Solved: Filter with single diagonal kernel

Dongkyu · ‎07-10-2015

Hello,

I've been filtering with 8 single width directional kernels.(0, 45, 90,..., 270 and 315 degrees)

For horizontal and vertical kernels I use FilterRow and FilterColumn.
But for diagonal directions there's no filter for single width kernel like FilterRow and FilterColumn.

So, I've been using kernels like below for diagonal directions.

0 0 0 0 k4
0 0 0 k3 0
0 0 k2 0 0
0 k1 0 0 0
k0 0 0 0 0

Filtering with these kernels is much slower than single row or column filtering.
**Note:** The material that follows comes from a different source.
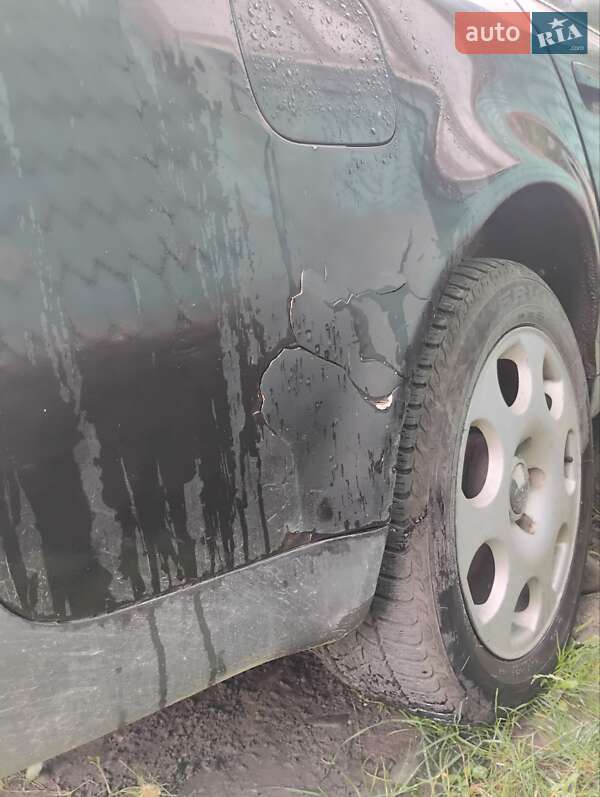 Универсал Audi A6 2002 в Ужгороде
How can I boost up the speed for filtering with single width diagonal kernels?
Any good idea?

Thanks & regards.

Dongkyu.

Igor_A_Intel · ‎07-13-2015

Hello Dongkyu,

It is impossible to support special optimizations for all possible kinds of kernels with some distribution of zeroes. For you particular case I see at least 3 solutions: (1) rotate image, then perform filtering with row or column filter, then rotate it back (guess it will be slower than direct filtering with 2D kernel); (2) - try to use the simple C-loop and Intel compiler - it has very good vectorizer and can generate you very fast code; (3) use roi.width buffer and several IPP function calls in a loop:

ippsMulC_32f(row0,k0,dst,roi.width);

ippsMulC_32f(row1+1,k1,buffer,roi.width);

ippsAdd_32f(dst,buffer,dst,roi.width);

ippsMulC_32f(row2+2,k2,buffer,roi.width);

ippsAdd_32f(dst,buffer,dst,roi.width);

.................. etc.

regards, Igor

View solution in original post

Igor_A_Intel · ‎07-13-2015

Hello Dongkyu,

It is impossible to support special optimizations for all possible kinds of kernels with some distribution of zeroes. For you particular case I see at least 3 solutions: (1) rotate image, then perform filtering with row or column filter, then rotate it back (guess it will be slower than direct filtering with 2D kernel); (2) - try to use the simple C-loop and Intel compiler - it has very good vectorizer and can generate you very fast code; (3) use roi.width buffer and several IPP function calls in a loop:

ippsMulC_32f(row0,k0,dst,roi.width);

ippsMulC_32f(row1+1,k1,buffer,roi.width);

ippsAdd_32f(dst,buffer,dst,roi.width);

ippsMulC_32f(row2+2,k2,buffer,roi.width);

ippsAdd_32f(dst,buffer,dst,roi.width);

.................. etc.

regards, Igor

Igor_A_Intel · ‎07-13-2015

PS there is one great function for this purpose (I mean case #3):

IPPAPI(IppStatus, ippsAddProductC_32f, ( const Ipp32f* pSrc, const Ipp32f val, Ipp32f* pSrcDst, int len ))

Dongkyu · ‎07-13-2015

Hi, Igor

Thanks for reply.

I'm gonna try #2.

Regards, Dongkyu.